▶ **Provided material**:
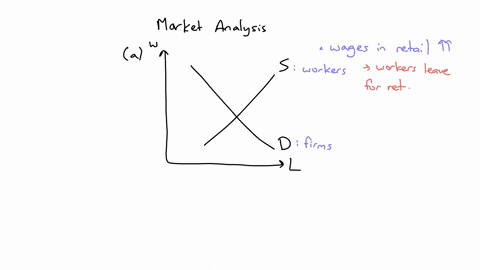 answer-each-of-the-following-questions-regarding-the-market-for-labor-in-the-fast-food-industry-a-if-wages-in-the-retail-industry-increase-assume-that-the-retail-industry-requires-similar-sk-31775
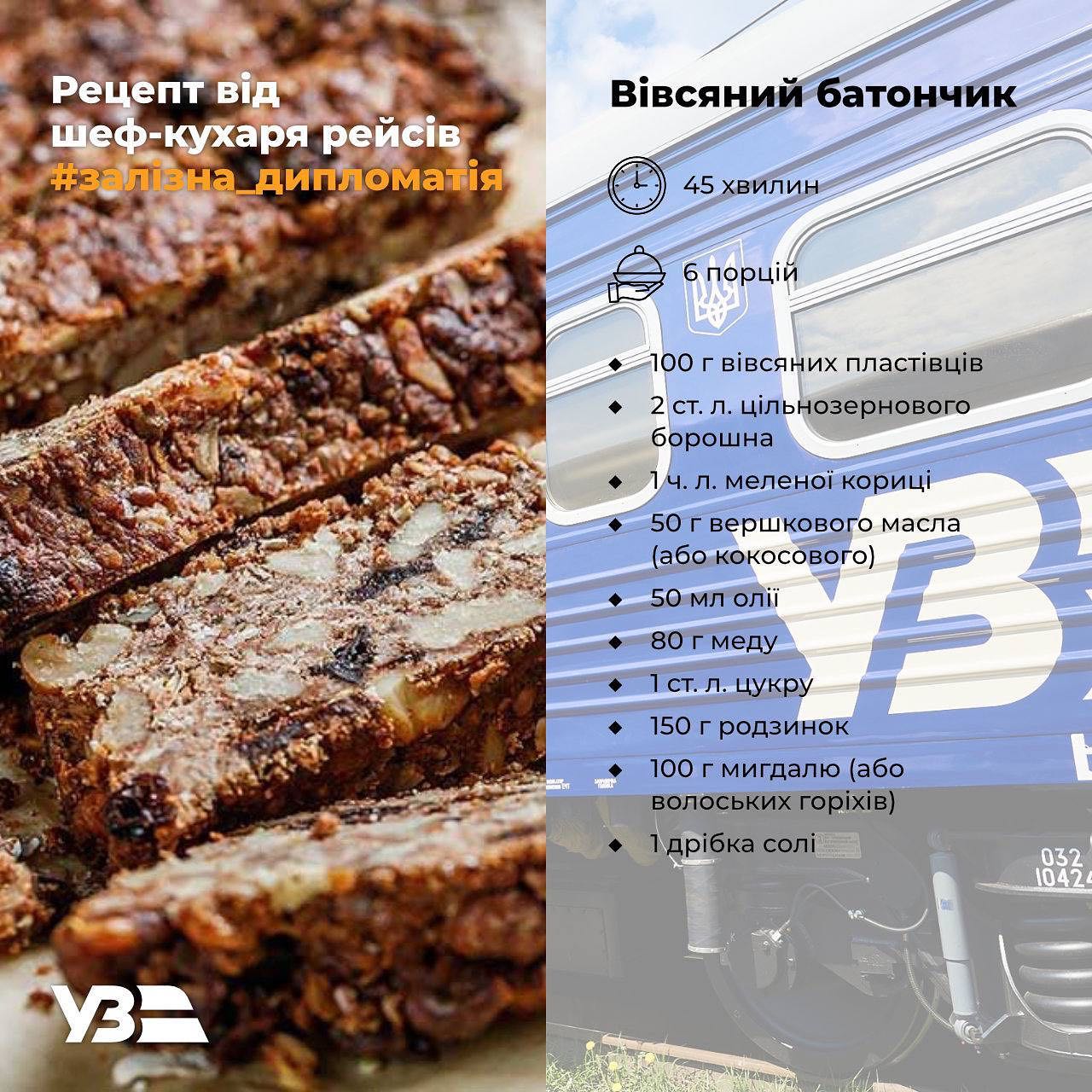Клопотенко дав прості рецепти найкращих перекусів для поїздки у поїзді УЗ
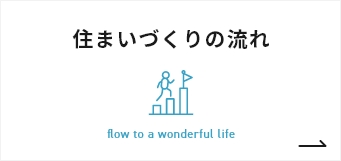 住まいづくりの流れ バナー画像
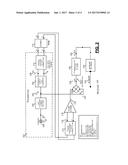 SYSTEMS AND METHODS FOR MEASURING RESPIRATION RATE diagram and image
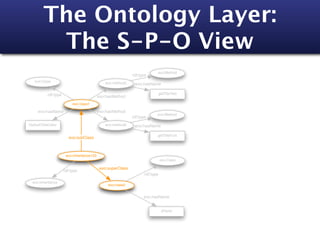 The Ontology Layer:
          The S-P-O View
                                                                             evo:Method
                                                               rdf:type
   evo:Class                                    evo:method5     evo:hasName

            rdf:type                                                         getTitleText
                                             evo:hasMethod
                            evo:class1

     evo:hasName                             evo:hasMethod
                                                                             evo:Method
                                                               rdf:type
DefaultTitleEditor                              evo:method6     evo:hasName

                                                                             getTitleFont
                          evo:subClass



                        evo:inheritance123
                                                                                 evo:Class

                                              evo:superClass
                       rdf:type
                                                                      rdf:type
  evo:Inheritance
                                                  evo:class2


                                                                     evo:hasName


                                                                                 JPanel
 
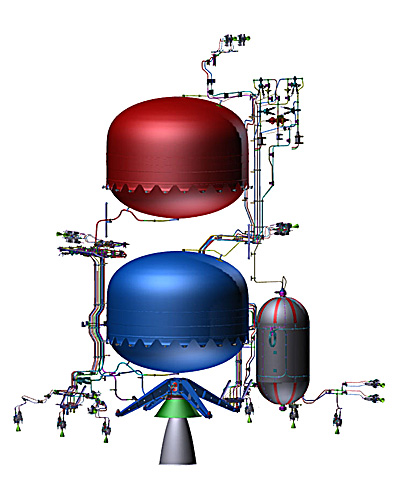 Unified Propulsion System (UPS)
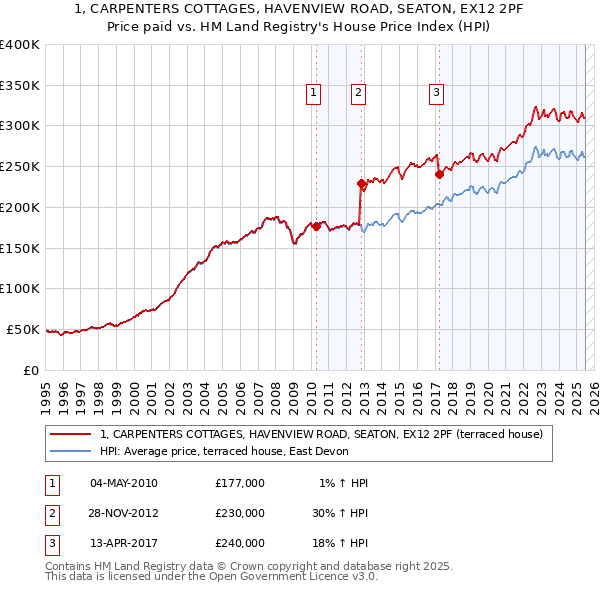 1, CARPENTERS COTTAGES, HAVENVIEW ROAD, SEATON, EX12 2PF: Price paid vs HM Land Registry's House Price Index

▶ **Aim of the exercise**: Return each line from the material that includes the string "hasMethod".

▶ **Solution**:
                                             evo:hasMethod
     evo:hasName                             evo:hasMethod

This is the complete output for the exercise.